Directions:
In your copy of the entries below, keep every word exactly and leave out all images.

Information:

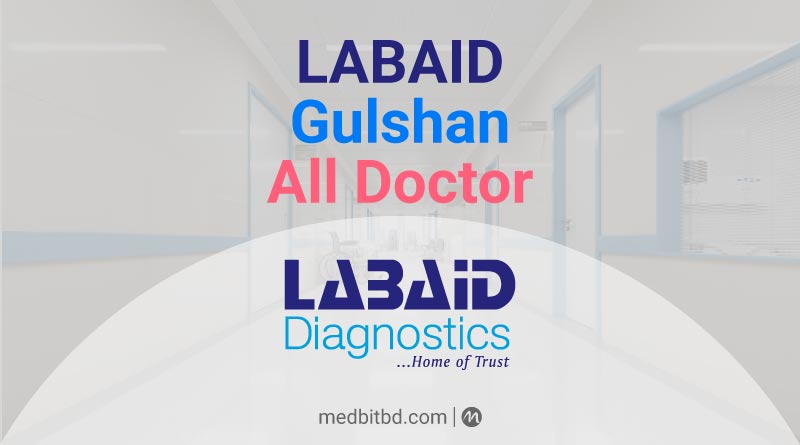 Labaid-Gulshan-all-doctor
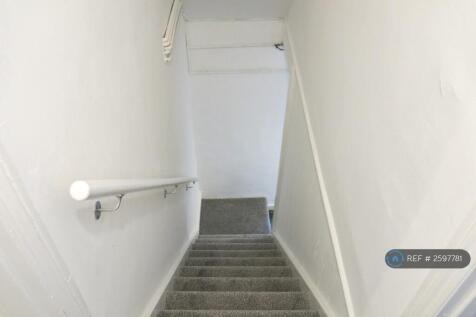 Stairs 2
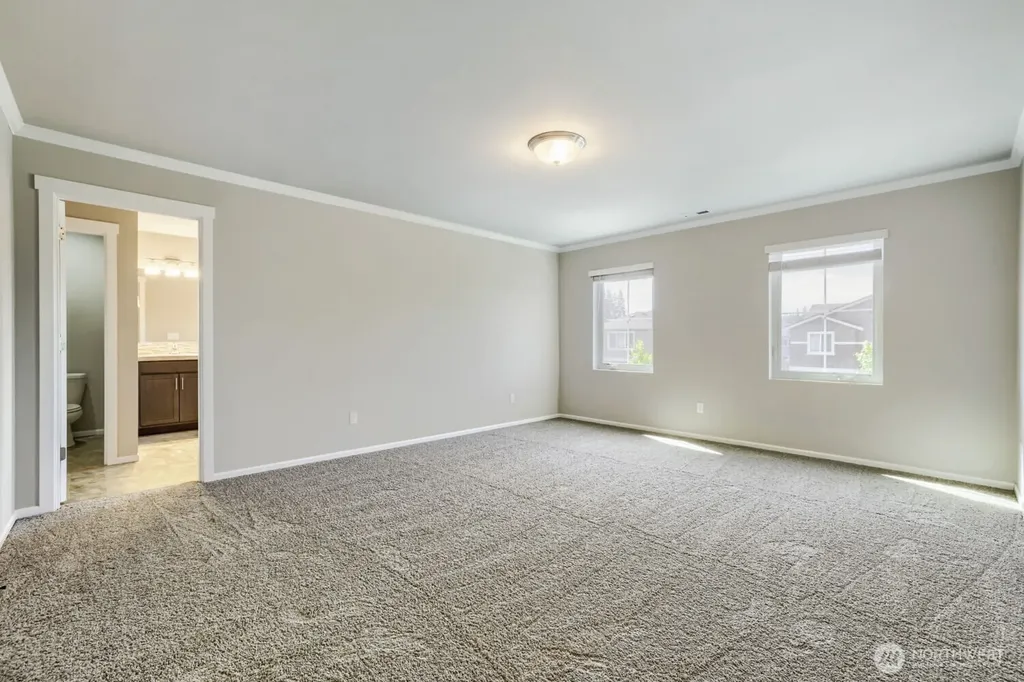 17705 Maple Street Granite Falls WA 98252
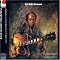 JAZZ / FUSION Guitarist vol, 2�@(Basic 2)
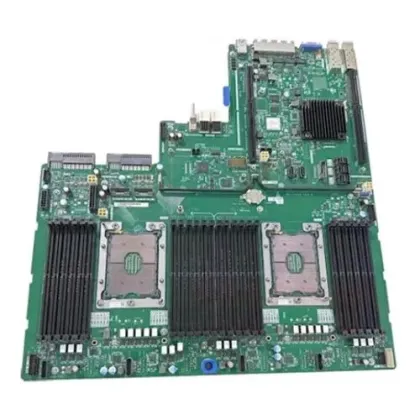 Huawei RH2288H V5 Server Motherboard Compatibility Search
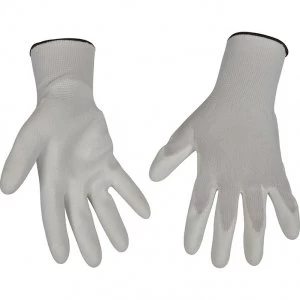 Image of Vitrex Decorators Gloves One Size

Finished exercise:
 Labaid-Gulshan-all-doctor
 Stairs 2
 17705 Maple Street Granite Falls WA 98252
 JAZZ / FUSION Guitarist vol, 2�@(Basic 2)
 Huawei RH2288H V5 Server Motherboard Compatibility Search
 Image of Vitrex Decorators Gloves One Size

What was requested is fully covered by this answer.